(Collection entries)
· · ·

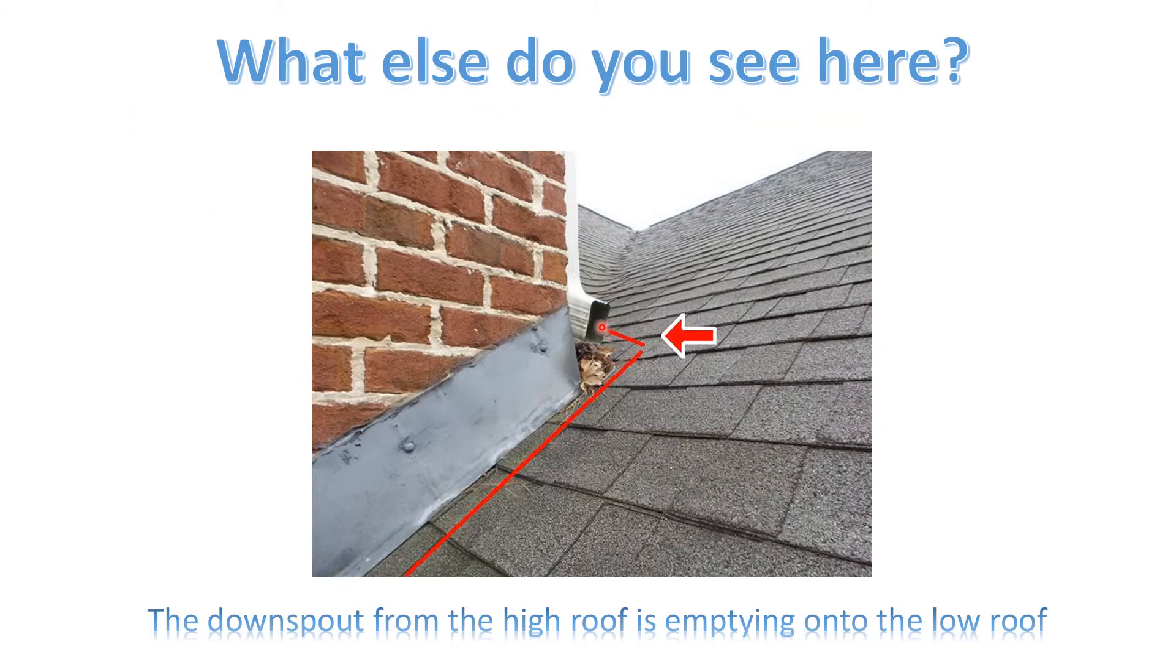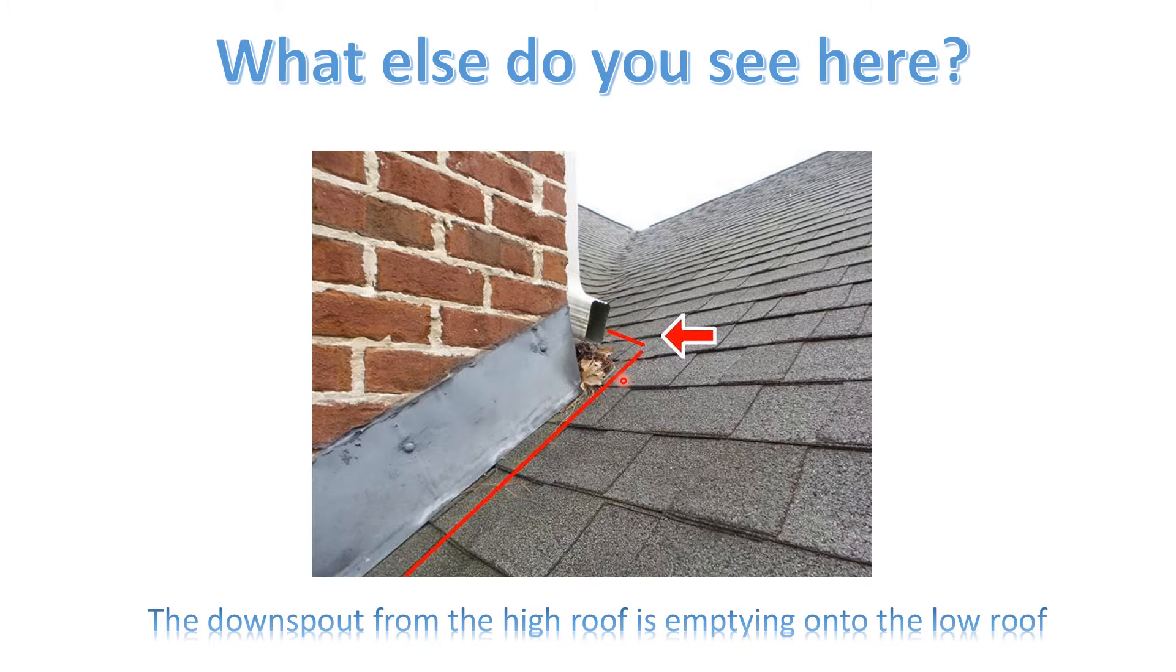Look here, what you have. You have a downspout from a high roof emptying onto the low roof. This is in the exact same area where that kick-out flashing is missing. So all the water from the high roof is coming down this downspout and emptying right here.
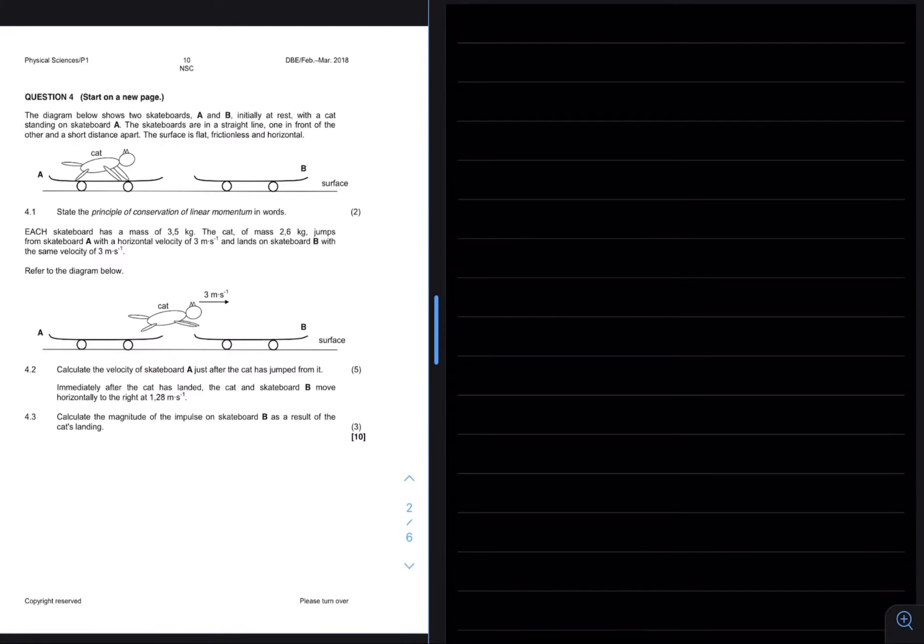In the diagram below, it shows two skateboards A and B initially at rest, with a cat standing on skateboard A. The skateboards are in a straight line, one in front of the other, and a short distance apart. The surface is flat, frictionless, and horizontal.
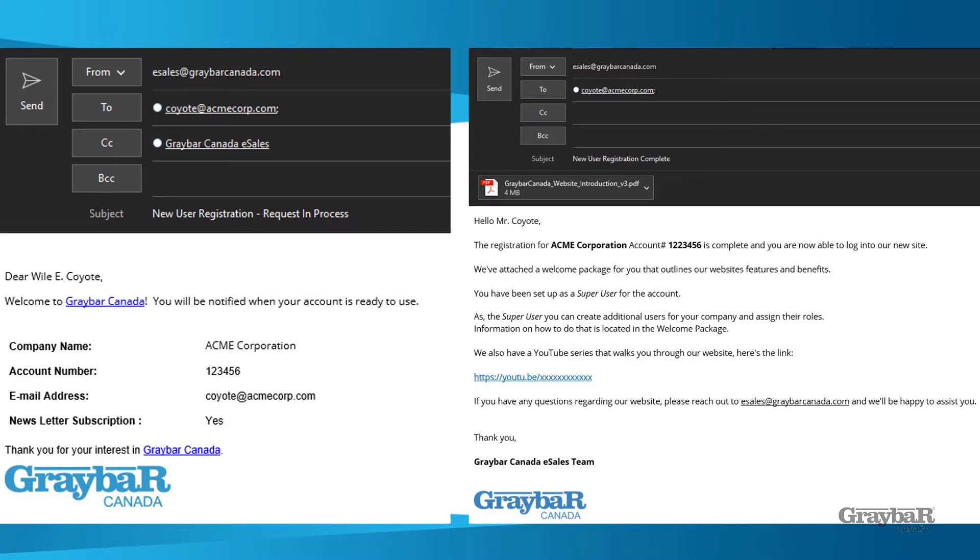After this you'll be contacted by our credit department to determine who the super user on your account should be. The super user is the delegated user who is responsible for all purchasing and authority on your account. The super user will be able to set up additional users on the site. Please work with our credit department to assist setting up your super user in the most timely manner to give you quickest access to our site.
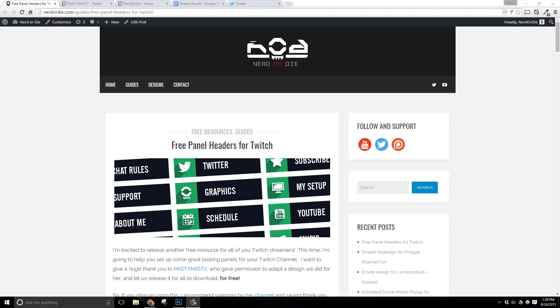Hey everyone, let me show you how to get some great looking Twitch panel headers completely free. Let's get right into it.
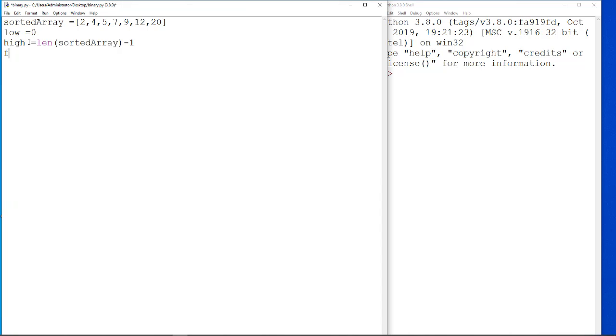And also, we need to do found is equal to false, which is going to be our boolean to determine whether the number is found or not.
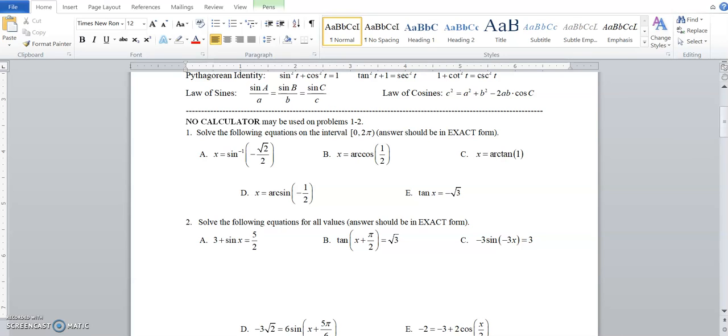This is going to be the Unit 3 overall unit test review, and the first section is going to be a no-calculator-based problem.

· · ·

• [Task objective] Every entry above needs to be copied exactly, and no pictures go with it.

• [Result for this task]
Look here, what you have. You have a downspout from a high roof emptying onto the low roof. This is in the exact same area where that kick-out flashing is missing. So all the water from the high roof is coming down this downspout and emptying right here.
In the diagram below, it shows two skateboards A and B initially at rest, with a cat standing on skateboard A. The skateboards are in a straight line, one in front of the other, and a short distance apart. The surface is flat, frictionless, and horizontal.
After this you'll be contacted by our credit department to determine who the super user on your account should be. The super user is the delegated user who is responsible for all purchasing and authority on your account. The super user will be able to set up additional users on the site. Please work with our credit department to assist setting up your super user in the most timely manner to give you quickest access to our site.
Hey everyone, let me show you how to get some great looking Twitch panel headers completely free. Let's get right into it.
And also, we need to do found is equal to false, which is going to be our boolean to determine whether the number is found or not.
This is going to be the Unit 3 overall unit test review, and the first section is going to be a no-calculator-based problem.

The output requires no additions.